Lancaster’s plans for a museum honoring Thaddeus Stevens and Lydia Hamilton Smith are highlighted in an article in this month’s Smithsonian Magazine.

After more than a century of neglect and calumny, the abolitionist “is finally getting his due,” journalist Tracy Schorn writes in the magazine’s December issue.

In Gettysburg, Stevens was honored with a statue erected last year. In Lancaster, Schorn writes, LancasterHistory is planning the Thaddeus Stevens & Lydia Hamilton Smith Center for History & Democracy at Stevens’ historic home and office and the former Kleiss Tavern in Lancaster, just south of Penn Square. It is scheduled to open in April 2025.

Thaddeus Stevens, left, and Lydia Hamilton Smith.

“We’re delighted to have the project earn the attention of such a well-regarded publication and its readers,” LancasterHistory Vice President Robin Sarratt said.

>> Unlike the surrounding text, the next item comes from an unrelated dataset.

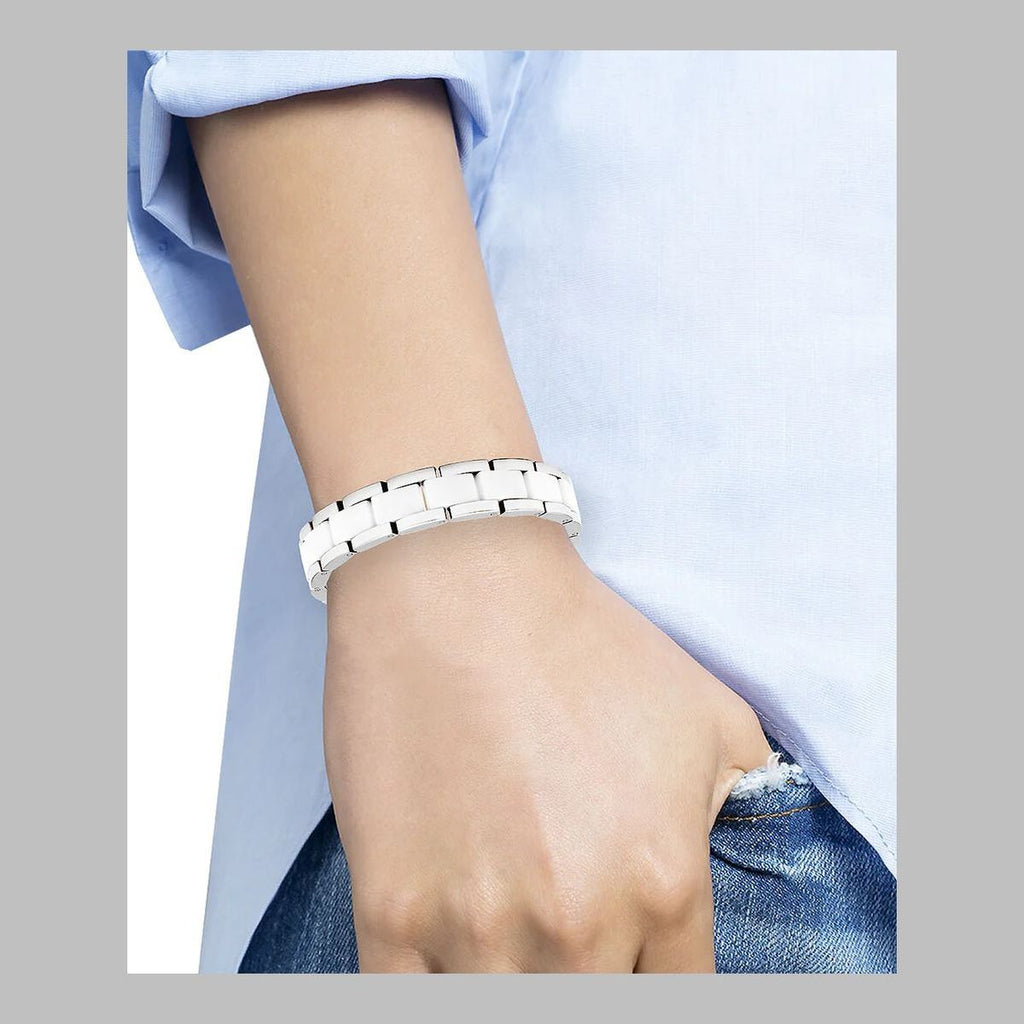 White Ceramic Silver 316L Stainless Steel Magnetic Bracelet Men Bulk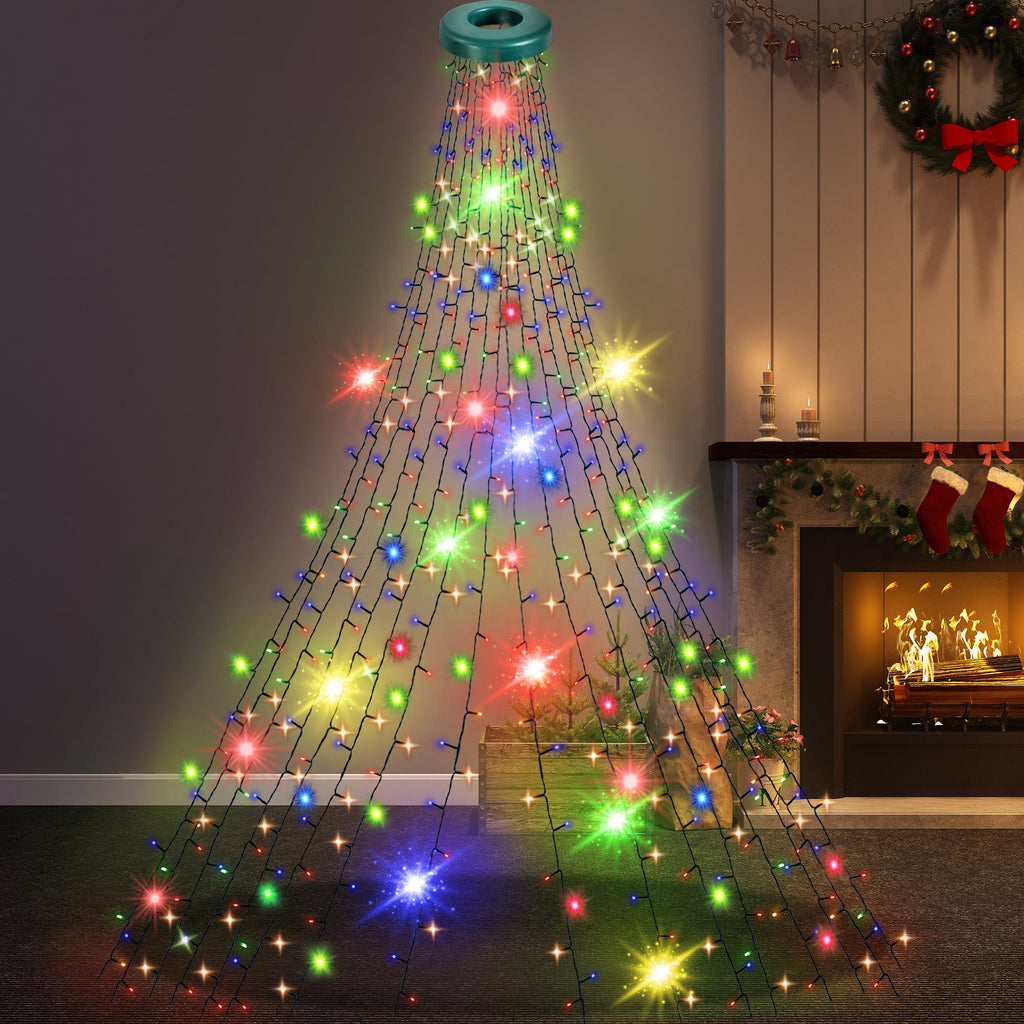 Christmas Tree Lights with Ring - 1.6 m * 16 Lines, 288 LED Xmas Lights, 8 Modes, Memory & Timer, IP44 Waterproof, Indoor & Outdoor Christmas Decorations, 5M Lead Wire (Warm White)-Christmas Decor-GloBrite-5ft - Warm White-DREIBACH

The leader of the Radical Republicans during the Civil War and in its aftermath, Stevens strategized to craft the 13th, 14th and 15th amendments and shepherd them through the U.S. House. He reaped the enduring enmity of the Southern establishment and its apologists, who vilified him and deprecated his legacy as they worked to undo reconstruction and establish the Jim Crow regime.

Schorn summarizes both Stevens’ career itself and the ebb and flow of his posthumous reputation. The museum in Lancaster, she writes, will serve as “a paean to Stevens’ life’s work” and showcase his “rare working relationship of close respect across color and gender lines” with Smith, his house manager of more than two decades.

“Smithsonian Magazine was created to stir curiosity and deal with history as relevant to the present, so naturally we think the stories of Congressman Stevens and Mrs. Smith fit the bill perfectly,” Sarratt said. “The time is long overdue to share the inspirational story of Thaddeus Stevens and Lydia Hamilton Smith with the nation.”